At 0200 the compound was shocked into stunned consciousness by the sound of gun fire and exploding demolition charges. Quickly rallying, the unit's personnel rushed to the maintenance area where the enemy sappers were quickly routed. Nine NVA were killed inside the perimeter and 10 others were found the next morning outside the fences. Dawn on the morning of the 10th found parts of the maintenance area a smoldering ruins. The NVA had destroyed 7 ships and damaged several others. The unit Armament Shop, Airframe Repair Shop and Electrical Repair Shop were completely burned to the ground. The motor pool was almost completely paralyzed. Vehicle damage was assessed in the vicinity of 3 million dollars, not to mention a much more serious toll, the lives of our 6 friends who were killed in defense of their compatriots.

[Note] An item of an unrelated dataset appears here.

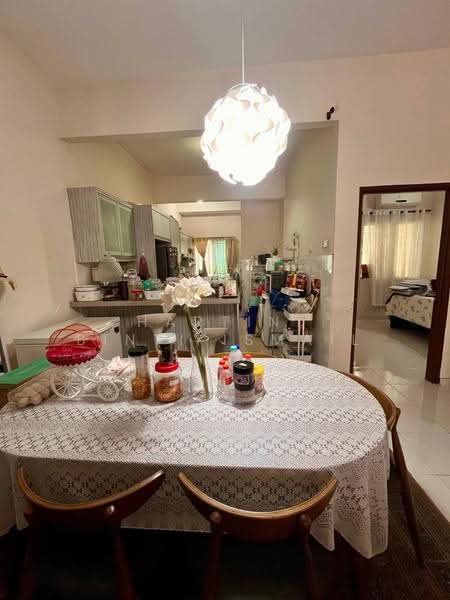 Terraced House for Sale in Shah Alam (Selangor) - Hartini Binti Ismail - Kitchen - PropertyGuru.com.my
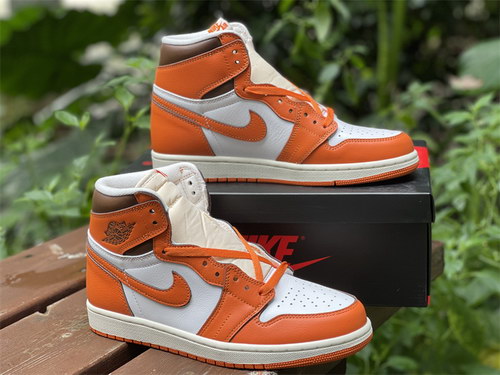 Air Jordan 1 High OG WMNS “Starfish”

As a result of the 10 January attack, an all out effort to improve the unit's perimeter was made. Bunkers were improved and added. Concertina was strung in second rows, a mine field was laid on the perimeter, lights were strung around the perimeter. The 52nd Bn sent a security detachment of 40 troops. The 57th was determined not to be unprepared again.
In recognition of those soldiers that died for their country, the 57th has petitioned the 17th Aviation Group to make 10 January the annual Organization Day. The unit has also decided to name the compound Camp Pfeister in honor of the Pfeister twins, who were members of the 615th Trans Co. The twins were working in the maintenance area at the time of the attack. SP4 Robert Pfeister was killed and his brother William was wounded. It should be noted that they had submitted a DA 1049 form (Ed: Request for Personnel Action) in order to come to Viet Nam together, even though one of them could have remained in the United States.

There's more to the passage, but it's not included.